- WHAT IS EXPECTED -
The needed output is the run of lines below from the one containing "テーマ別中級から学ぶ日本語.pdf_第2页" through the one containing "Hakuba Ikeda Life Kan Apartments Szoba fotó", copied exactly and free of pictures.

**** GIVEN DATA ****

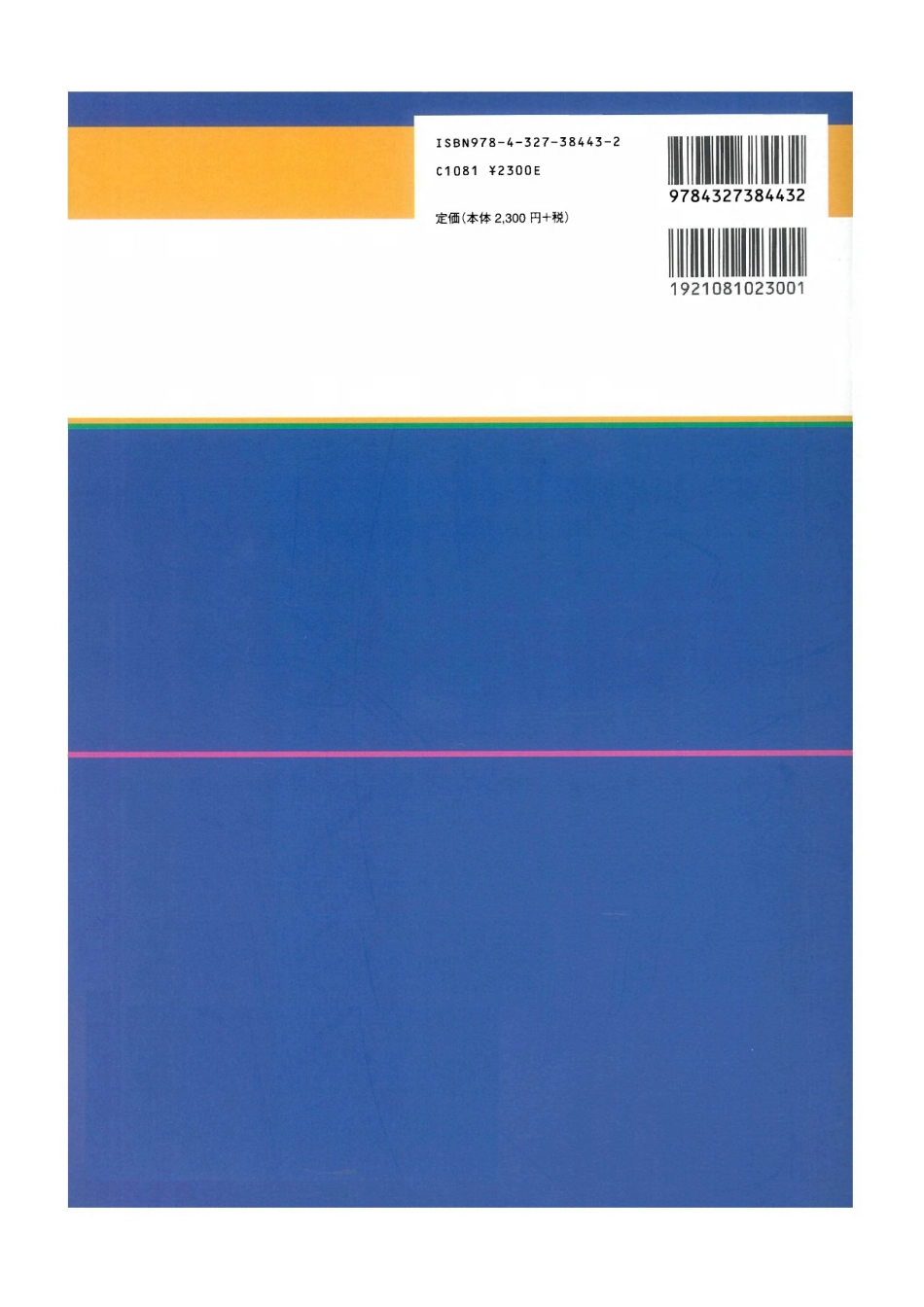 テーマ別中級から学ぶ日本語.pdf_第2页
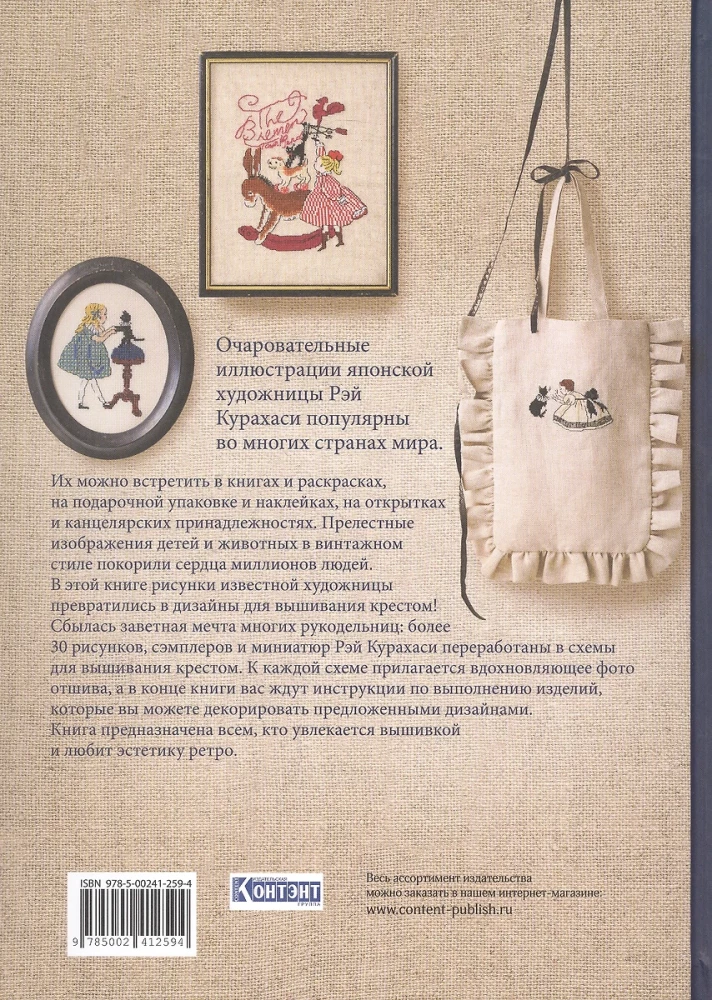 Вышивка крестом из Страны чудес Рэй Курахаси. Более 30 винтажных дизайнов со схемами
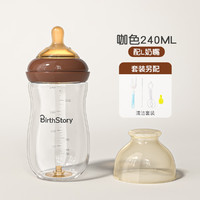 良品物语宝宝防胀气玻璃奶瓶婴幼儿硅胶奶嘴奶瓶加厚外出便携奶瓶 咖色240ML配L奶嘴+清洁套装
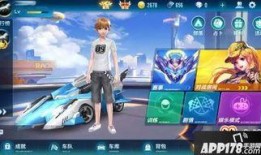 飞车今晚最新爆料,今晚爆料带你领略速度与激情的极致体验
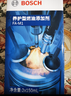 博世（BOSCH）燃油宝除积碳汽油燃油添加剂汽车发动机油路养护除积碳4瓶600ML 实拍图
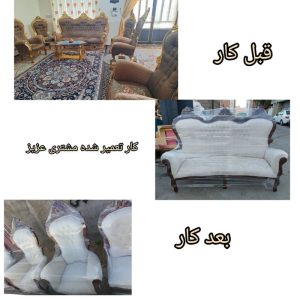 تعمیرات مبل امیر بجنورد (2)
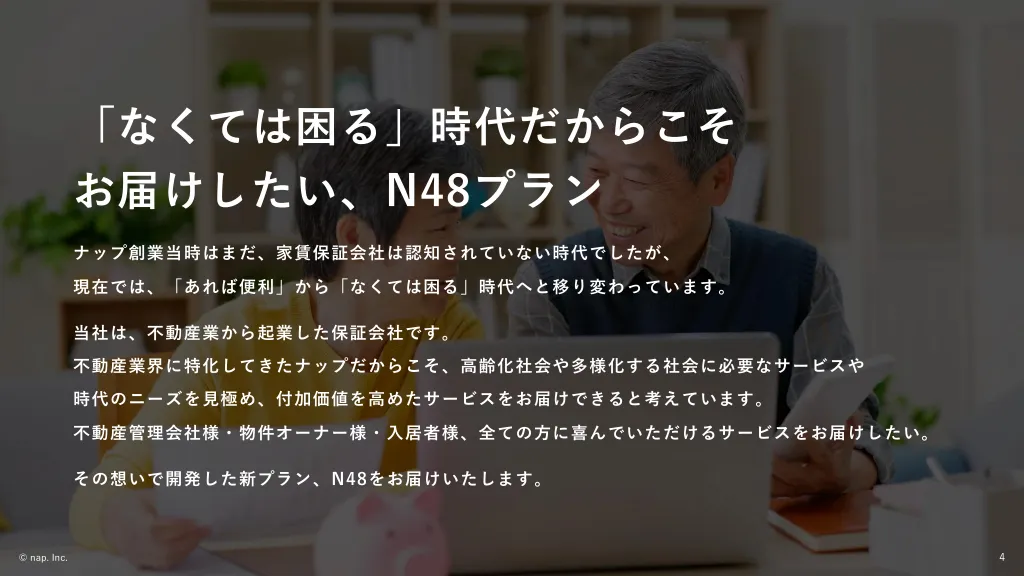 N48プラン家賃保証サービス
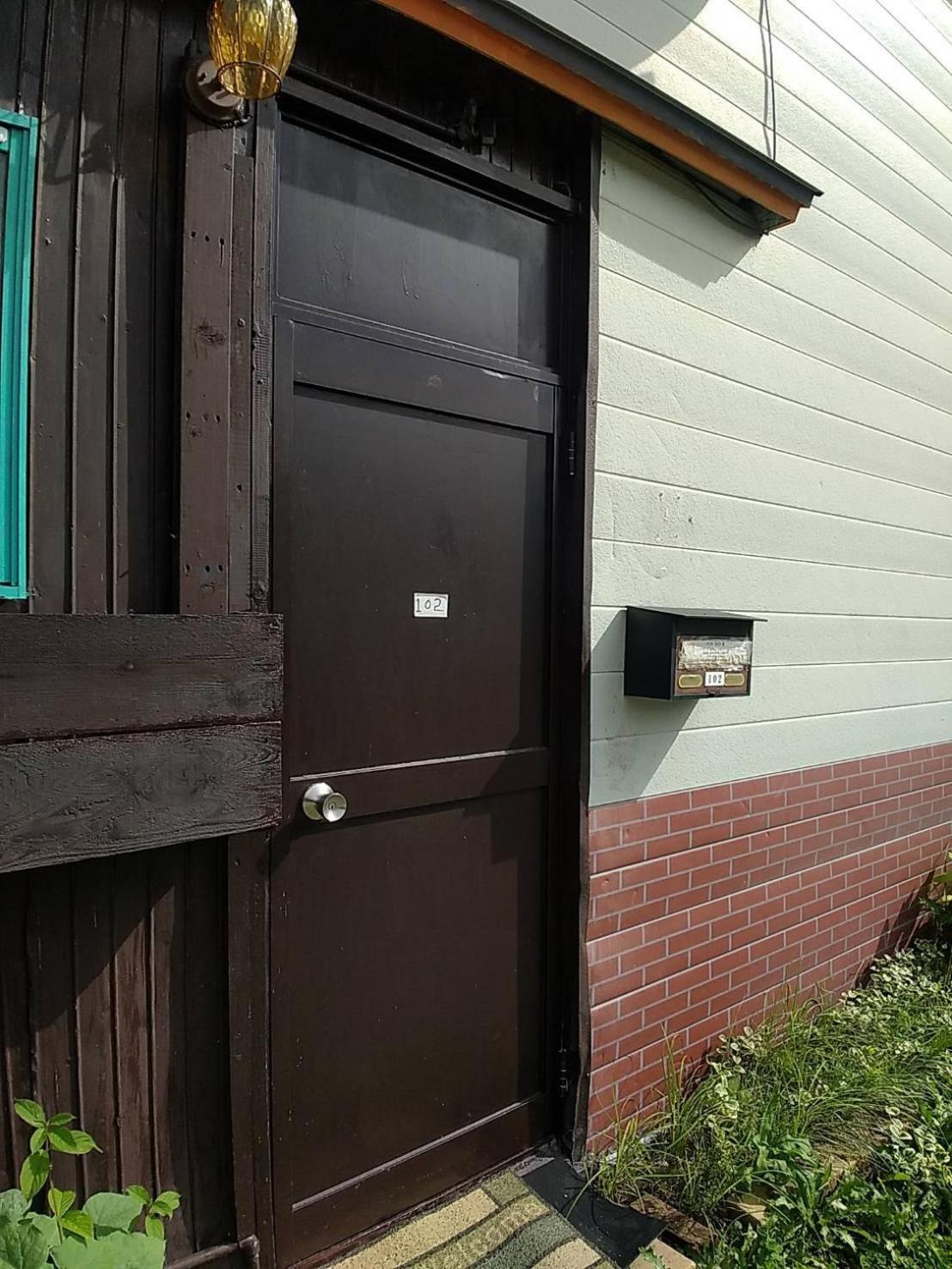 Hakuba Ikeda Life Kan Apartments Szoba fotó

****
**** GIVEN DATA ****

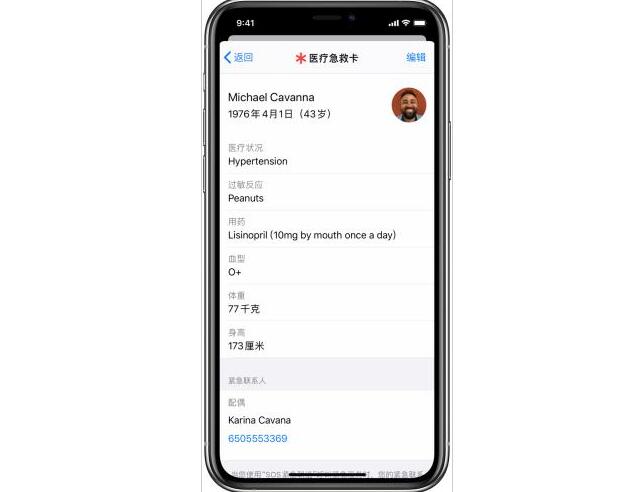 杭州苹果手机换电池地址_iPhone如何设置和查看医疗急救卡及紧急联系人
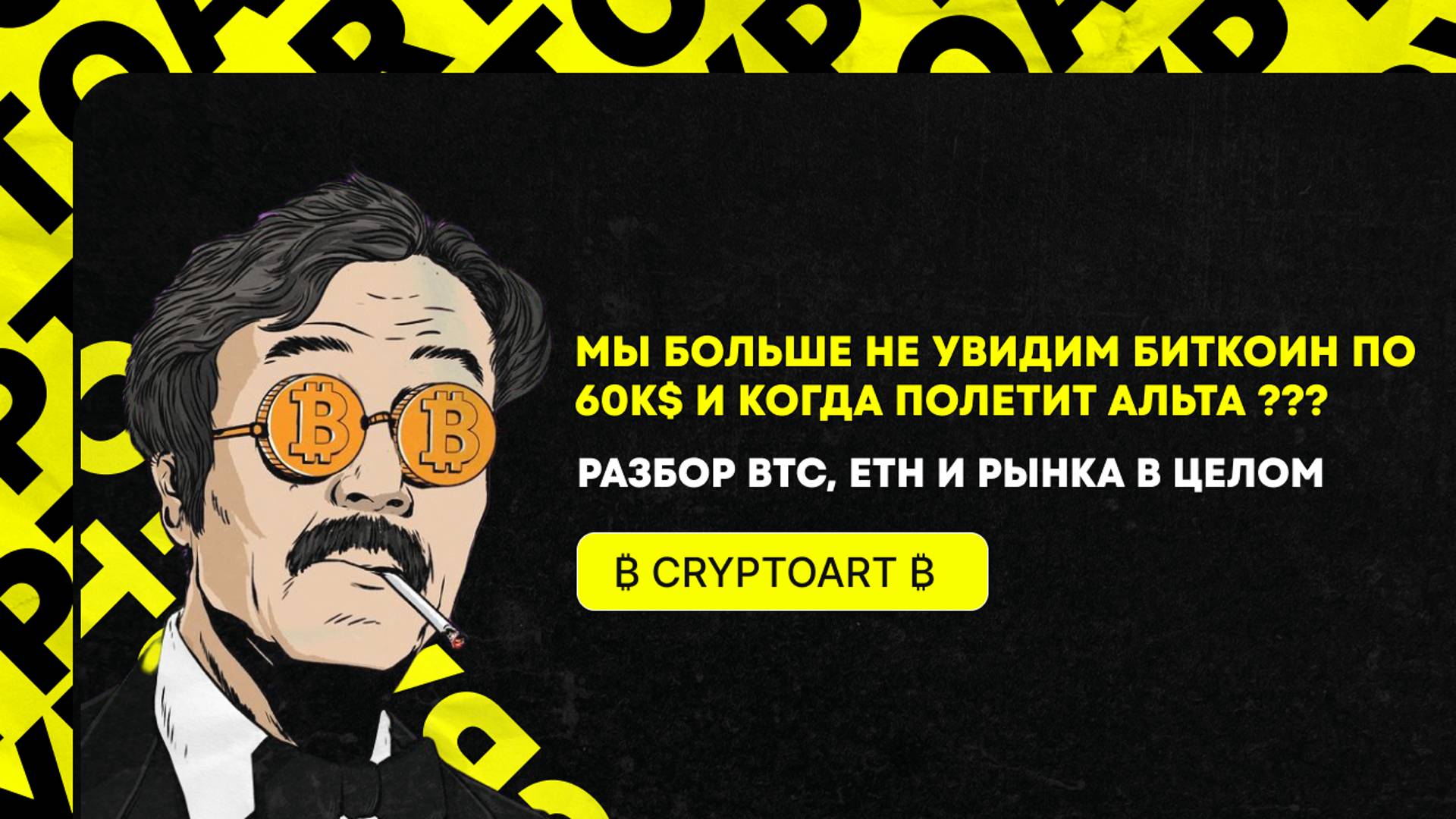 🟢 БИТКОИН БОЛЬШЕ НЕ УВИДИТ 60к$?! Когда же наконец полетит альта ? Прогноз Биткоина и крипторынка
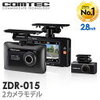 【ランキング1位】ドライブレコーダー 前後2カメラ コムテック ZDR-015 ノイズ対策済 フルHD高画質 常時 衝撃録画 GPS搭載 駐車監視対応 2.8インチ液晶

****
**** GIVEN DATA ****

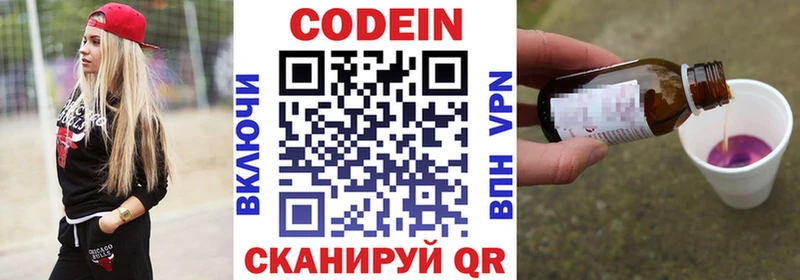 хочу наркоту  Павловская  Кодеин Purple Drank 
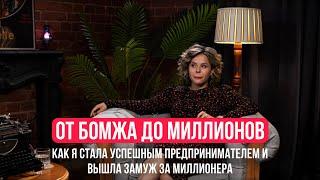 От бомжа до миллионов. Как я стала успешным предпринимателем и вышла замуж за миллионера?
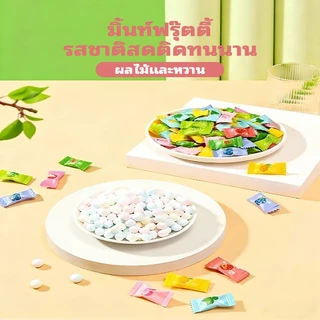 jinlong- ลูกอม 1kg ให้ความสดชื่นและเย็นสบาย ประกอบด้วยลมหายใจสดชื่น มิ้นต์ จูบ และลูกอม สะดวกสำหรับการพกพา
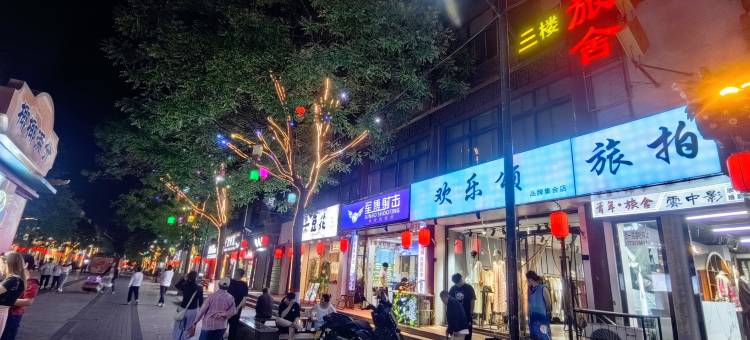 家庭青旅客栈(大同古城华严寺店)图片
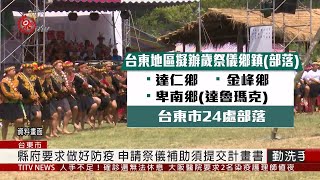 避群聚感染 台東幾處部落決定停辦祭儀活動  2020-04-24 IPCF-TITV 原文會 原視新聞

****

- RESPONSE TO THIS TASK -
 テーマ別中級から学ぶ日本語.pdf_第2页
 Вышивка крестом из Страны чудес Рэй Курахаси. Более 30 винтажных дизайнов со схемами
 良品物语宝宝防胀气玻璃奶瓶婴幼儿硅胶奶嘴奶瓶加厚外出便携奶瓶 咖色240ML配L奶嘴+清洁套装
 飞车今晚最新爆料,今晚爆料带你领略速度与激情的极致体验
 博世（BOSCH）燃油宝除积碳汽油燃油添加剂汽车发动机油路养护除积碳4瓶600ML 实拍图
 تعمیرات مبل امیر بجنورد (2)
 N48プラン家賃保証サービス
 Hakuba Ikeda Life Kan Apartments Szoba fotó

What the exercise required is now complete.